Self-identified race or ethnic group is used to determine normal reference standards in the prediction of pulmonary function. A study was conducted in 2010 to determine whether the genetically determined percentage of African ancestry is associated with lung function and whether its use could improve predictions of lung function among persons who identified themselves as African American (see:https://www.nejm.org/doi/full/10.1056/NEJMoa0907897) Authors assessed the ancestry of 777 participants self-identified as African American and evaluated the relation between pulmonary function and ancestry by means of linear regression. African ancestry was inversely related to forced expiratory volume in 1 second (FEV1) and forced vital capacity. Assuming to use 25 candidate parameters, and an intercept of 1.9, a standard deviation of 0.6 (from the published paper) and a lower bound for the R squared of 0.20:
pmsampsize(type = "c", rsquared = 0.2, parameters = 25, intercept=1.9, sd=0.6)
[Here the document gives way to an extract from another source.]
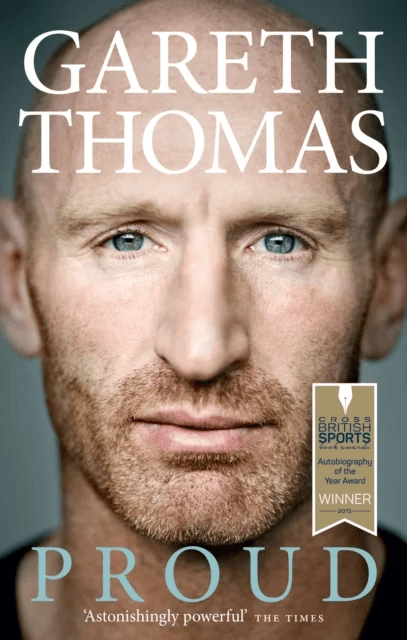 Proud av Gareth Thomas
## NB: Assuming 0.05 acceptable difference in apparent & adjusted R-squared
## NB: Assuming MMOE <= 1.1 in estimation of intercept & residual standard deviation
## SPP - Subjects per Predictor Parameter
##
## Samp_size Shrinkage Parameter Rsq SPP
## Criteria 1 918 0.900 25 0.2 36.72
## Criteria 2 401 0.801 25 0.2 16.04
## Criteria 3 259 0.727 25 0.2 10.36
## Criteria 4* 918 0.900 25 0.2 36.72
## Final 918 0.900 25 0.2 36.72
##
## Minimum sample size required for new model development based on user inputs = 918
##
## * 95% CI for intercept = (1.87, 1.93), for sample size n = 918
SPP indicates the “Subjects per Predictor parameter” and as you can observe this number vary accordingly to the criterion used (from 10 to 37). The confidence interval reported for the intercept is based on a 10% margin of error.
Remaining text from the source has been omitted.